*** Stored data Section Begins ***

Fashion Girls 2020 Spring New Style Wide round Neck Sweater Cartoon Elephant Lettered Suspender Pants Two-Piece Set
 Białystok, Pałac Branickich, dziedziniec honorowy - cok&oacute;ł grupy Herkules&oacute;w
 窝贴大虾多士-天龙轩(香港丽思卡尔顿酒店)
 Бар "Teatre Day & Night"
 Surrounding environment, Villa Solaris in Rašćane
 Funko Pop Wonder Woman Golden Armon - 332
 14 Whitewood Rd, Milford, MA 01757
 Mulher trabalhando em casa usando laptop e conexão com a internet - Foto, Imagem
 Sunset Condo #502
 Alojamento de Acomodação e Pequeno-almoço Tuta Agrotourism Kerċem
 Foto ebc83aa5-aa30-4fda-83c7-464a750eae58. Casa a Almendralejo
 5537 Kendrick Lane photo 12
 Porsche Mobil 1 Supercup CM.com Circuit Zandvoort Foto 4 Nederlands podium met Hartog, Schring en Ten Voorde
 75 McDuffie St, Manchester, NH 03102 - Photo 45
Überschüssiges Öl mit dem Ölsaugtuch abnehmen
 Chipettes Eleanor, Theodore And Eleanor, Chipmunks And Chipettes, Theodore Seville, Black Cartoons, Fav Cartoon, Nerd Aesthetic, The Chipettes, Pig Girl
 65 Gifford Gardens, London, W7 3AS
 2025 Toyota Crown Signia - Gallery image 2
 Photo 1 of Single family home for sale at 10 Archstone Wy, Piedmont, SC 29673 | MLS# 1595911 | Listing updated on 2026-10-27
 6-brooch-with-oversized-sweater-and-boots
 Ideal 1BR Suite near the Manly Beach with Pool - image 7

*** Stored data Section Ends ***

What is expected:
Start at the line containing "6-brooch-with-oversized-sweater-and-boots" and copy each line through the last one in the records, exactly and with nothing added.

Output below:
 6-brooch-with-oversized-sweater-and-boots
 Ideal 1BR Suite near the Manly Beach with Pool - image 7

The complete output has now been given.